Tracking Token Usage with Microsoft.Extensions.AI
Continuing in my recent series of posts about calling LLMs with C# using the Microsoft.Extensions.AI NuGet package, in this post I want to discuss how to track the cost of your API calls to AI models.
Each AI provider will have its own pricing structure for the various models it offers. For example, here are pricing pages for Azure OpenAI service, OpenAI's own API, Anthropic's API, Google Gemini API, DeepSeek API, Amazon Bedrock, and xAI Grok. As you can see there is a huge choice available, but the pricing is always based on the number of "tokens" you use.
Tokens
Whenever you construct a chat message, the text (or image, etc) in your message is turned into a number of tokens representing your message. And if you're including the chat history, then those are additional tokens passed in as input, so if your chat goes on for a long time, each subsequent message will use more and more tokens. And then the response from the AI model also uses a number of tokens. So if you only need a short answer to reduce costs, your system prompt should probably say that.

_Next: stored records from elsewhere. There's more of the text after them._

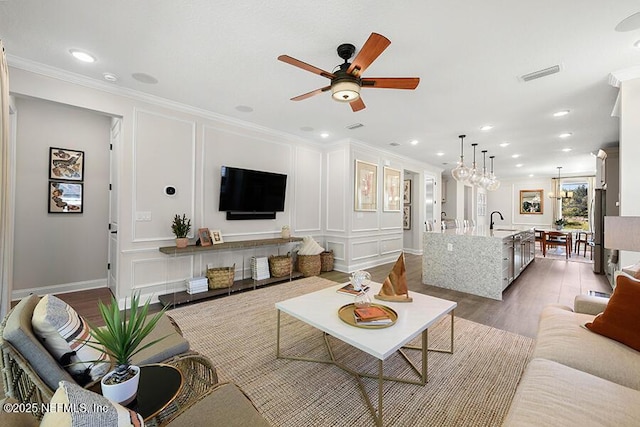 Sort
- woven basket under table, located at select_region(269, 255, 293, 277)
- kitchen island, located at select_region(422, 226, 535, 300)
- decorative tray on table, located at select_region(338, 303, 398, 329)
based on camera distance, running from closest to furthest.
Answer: decorative tray on table, located at select_region(338, 303, 398, 329)
kitchen island, located at select_region(422, 226, 535, 300)
woven basket under table, located at select_region(269, 255, 293, 277)

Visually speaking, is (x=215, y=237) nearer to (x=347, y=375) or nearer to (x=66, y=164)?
(x=66, y=164)

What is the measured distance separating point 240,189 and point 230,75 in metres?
1.85

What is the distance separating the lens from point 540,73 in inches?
108

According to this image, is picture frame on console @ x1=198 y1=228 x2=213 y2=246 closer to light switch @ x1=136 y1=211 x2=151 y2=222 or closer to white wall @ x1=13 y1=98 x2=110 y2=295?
light switch @ x1=136 y1=211 x2=151 y2=222

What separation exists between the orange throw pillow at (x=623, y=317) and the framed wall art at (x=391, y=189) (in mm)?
4724

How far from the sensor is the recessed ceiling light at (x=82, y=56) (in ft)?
8.26

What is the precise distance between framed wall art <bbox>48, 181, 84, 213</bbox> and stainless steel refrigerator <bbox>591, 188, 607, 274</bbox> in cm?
889

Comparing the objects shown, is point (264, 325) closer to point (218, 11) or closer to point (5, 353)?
point (5, 353)

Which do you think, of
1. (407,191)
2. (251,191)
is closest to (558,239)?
(407,191)

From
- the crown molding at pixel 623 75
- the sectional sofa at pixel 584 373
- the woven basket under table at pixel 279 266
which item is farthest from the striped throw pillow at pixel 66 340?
the crown molding at pixel 623 75

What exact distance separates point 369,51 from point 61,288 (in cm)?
522

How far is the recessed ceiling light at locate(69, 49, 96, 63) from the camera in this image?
252cm

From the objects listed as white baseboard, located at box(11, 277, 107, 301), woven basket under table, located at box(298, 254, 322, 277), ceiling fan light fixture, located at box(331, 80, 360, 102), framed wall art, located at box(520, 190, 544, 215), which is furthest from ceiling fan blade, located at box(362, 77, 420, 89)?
framed wall art, located at box(520, 190, 544, 215)

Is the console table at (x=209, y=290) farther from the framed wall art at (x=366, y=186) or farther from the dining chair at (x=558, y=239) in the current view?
the dining chair at (x=558, y=239) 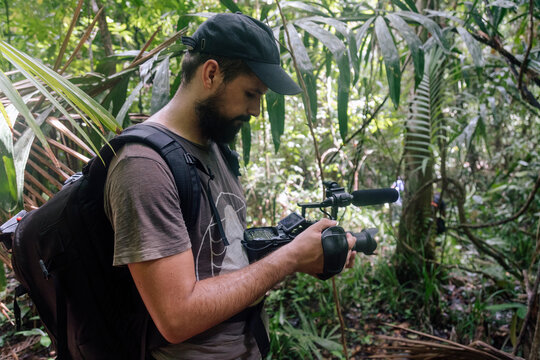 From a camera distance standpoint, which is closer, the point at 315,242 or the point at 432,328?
the point at 315,242

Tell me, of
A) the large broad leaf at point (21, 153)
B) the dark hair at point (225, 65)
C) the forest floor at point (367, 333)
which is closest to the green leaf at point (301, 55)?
the dark hair at point (225, 65)

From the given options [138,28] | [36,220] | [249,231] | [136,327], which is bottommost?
[136,327]

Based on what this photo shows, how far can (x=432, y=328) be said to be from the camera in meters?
2.66

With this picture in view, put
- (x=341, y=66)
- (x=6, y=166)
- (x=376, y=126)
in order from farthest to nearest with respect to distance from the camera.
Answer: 1. (x=376, y=126)
2. (x=341, y=66)
3. (x=6, y=166)

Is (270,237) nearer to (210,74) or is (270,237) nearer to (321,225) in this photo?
(321,225)

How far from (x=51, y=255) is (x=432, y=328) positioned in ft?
8.89

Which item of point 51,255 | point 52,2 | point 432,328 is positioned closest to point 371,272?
point 432,328

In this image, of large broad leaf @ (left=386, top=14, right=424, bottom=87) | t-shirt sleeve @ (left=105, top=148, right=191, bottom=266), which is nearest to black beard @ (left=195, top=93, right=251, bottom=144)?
t-shirt sleeve @ (left=105, top=148, right=191, bottom=266)

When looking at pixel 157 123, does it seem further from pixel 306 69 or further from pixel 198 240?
pixel 306 69

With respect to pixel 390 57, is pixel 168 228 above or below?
below

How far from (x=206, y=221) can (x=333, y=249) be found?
1.27ft

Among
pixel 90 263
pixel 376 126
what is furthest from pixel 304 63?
pixel 376 126

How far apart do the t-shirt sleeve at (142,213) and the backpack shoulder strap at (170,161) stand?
5 cm

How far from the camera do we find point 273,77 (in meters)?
1.12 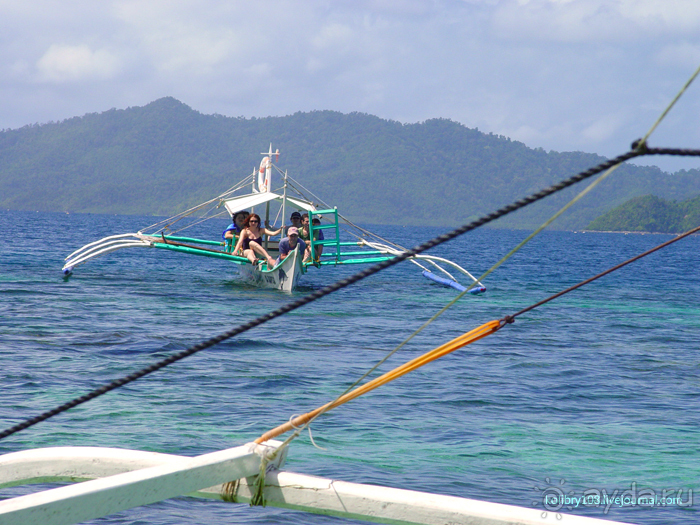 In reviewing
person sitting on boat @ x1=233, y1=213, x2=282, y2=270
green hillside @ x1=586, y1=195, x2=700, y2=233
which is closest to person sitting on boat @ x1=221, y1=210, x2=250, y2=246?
person sitting on boat @ x1=233, y1=213, x2=282, y2=270

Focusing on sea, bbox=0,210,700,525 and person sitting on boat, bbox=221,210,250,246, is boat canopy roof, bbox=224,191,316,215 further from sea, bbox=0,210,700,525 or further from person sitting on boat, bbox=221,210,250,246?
sea, bbox=0,210,700,525

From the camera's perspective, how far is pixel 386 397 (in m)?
7.68

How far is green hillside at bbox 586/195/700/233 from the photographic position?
15425 cm

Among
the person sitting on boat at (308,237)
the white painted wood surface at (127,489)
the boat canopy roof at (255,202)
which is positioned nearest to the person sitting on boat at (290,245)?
the person sitting on boat at (308,237)

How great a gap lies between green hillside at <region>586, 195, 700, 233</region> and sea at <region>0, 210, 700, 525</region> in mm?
149604

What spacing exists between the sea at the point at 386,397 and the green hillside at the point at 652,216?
14960 centimetres

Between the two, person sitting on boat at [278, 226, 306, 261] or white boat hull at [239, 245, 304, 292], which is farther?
white boat hull at [239, 245, 304, 292]

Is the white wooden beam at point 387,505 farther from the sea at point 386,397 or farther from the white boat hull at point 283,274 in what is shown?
the white boat hull at point 283,274

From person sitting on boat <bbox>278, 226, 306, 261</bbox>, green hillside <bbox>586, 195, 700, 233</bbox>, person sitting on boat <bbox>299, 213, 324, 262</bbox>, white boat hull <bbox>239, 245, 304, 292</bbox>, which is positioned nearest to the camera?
person sitting on boat <bbox>278, 226, 306, 261</bbox>

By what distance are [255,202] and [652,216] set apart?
154 meters

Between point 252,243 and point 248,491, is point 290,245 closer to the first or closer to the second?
point 252,243

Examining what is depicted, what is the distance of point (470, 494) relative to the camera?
199 inches

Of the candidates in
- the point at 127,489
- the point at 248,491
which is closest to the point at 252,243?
the point at 248,491

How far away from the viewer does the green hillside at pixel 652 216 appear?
6073 inches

In previous posts I showed how you could create a List<ChatMessage>
and pass that to IChatClient.CompleteStreamingAsync
to receive the response from the model and display it as it is generated. But how can you keep track of how many tokens you are using? The Microsoft.Extensions.AI package exposes a UsageDetails
object that can be got hold of very easily if you use CompleteAsync
as that returns a ChatCompletion
which has a usage property.
Getting UsageDetails
from CompleteStreamingAsync
Things are slightly more complicated when calling CompleteStreamingAsync
, as that returns a series of StreamingChatCompletionUpdate
objects. Typically the final one of these will have an instance of UsageContent
in its Contents
property.
In the following code example, I show how to get hold of this UsageContent
so it can be printed out once the chat client's response has been received:
async Task<ChatMessage> GetResponse(IChatClient chatClient,
List<ChatMessage> chatHistory)
{
Console.WriteLine($"AI Response started at {DateTime.Now}:");
var response = "";
UsageDetails? usageDetails = null;
await foreach (var item in
chatClient.CompleteStreamingAsync(chatHistory))
{
Console.Write(item.Text);
response += item.Text;
var usage = item.Contents.OfType<UsageContent>()
.FirstOrDefault()?.Details;
if (usage != null) usageDetails = usage;
}
Console.WriteLine($"\nAI Response completed at {DateTime.Now}:");
ShowUsageDetails(usageDetails);
return new ChatMessage(ChatRole.Assistant, response);
}
Exploring UsageDetails
UsageDetails
includes properties for input and output token counts (along with the total), as well as an optional additional properties dictionary (which itself may contain further dictionaries), allowing different AI providers to include additional metadata that can help you understand pricing. For the Azure OpenAI service, this included a ReasoningTokenCount
which was 0 in my tests using the gpt-4o-mini model
, but the o1
and o1-mini
models can be told how many "reasoning tokens" they are allowed to use for a particular request, so you might increase that for a particularly tricky problem.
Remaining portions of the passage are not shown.